Et puis, il y a une augmentation de la surface d’attaque. Quand on regarde un petit peu qui sont les acteurs qui sont impliqués dans l’organisation des Jeux olympiques, on a des très gros acteurs qui, pour le coup, sont déjà habitués aux questions de cybersécurité, qui savent se protéger, qui vont mettre le paquet, pour lesquels, ce n’est pas quelque chose de nouveau.

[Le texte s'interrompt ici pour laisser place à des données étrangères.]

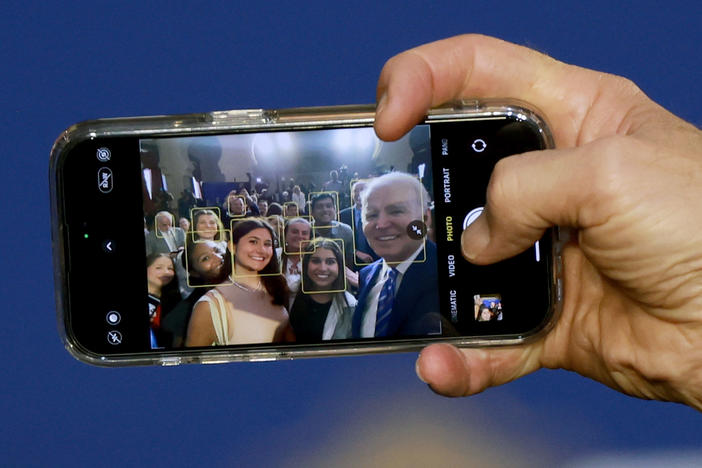 President Biden takes a selfie using a guest's phone during an event at the University of Tampa on Feb. 9, 2023.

Et puis une multitude de sous-traitants, de sous-traitants de sous-traitants, etc., d’entités de plus en plus petites et de plus en plus éloignées de nos problématiques, qui n’ont jamais entendu parler de l’agence et là tout l’enjeu c’est d’arriver à les embarquer avec nous et à ce qu’ils comprennent que la menace peut passer par eux aussi.
Dans le Panorama de la menace on dit, et on le disait déjà l’année dernière je crois, que les attaques passent souvent par les prestataires. Quand une entité est suffisamment bien protégée, les attaquants passent par ses prestataires ou par les prestataires de ses prestataires pour, petit à petit, se ménager des pieds vers leur cible finale. C’est un peu le cas pour les JO, on a une multitude de parties prenantes, avec des niveaux de sécurité qui sont extrêmement hétérogènes, pour lesquels tout l’enjeu c’est d’arriver à les embarquer.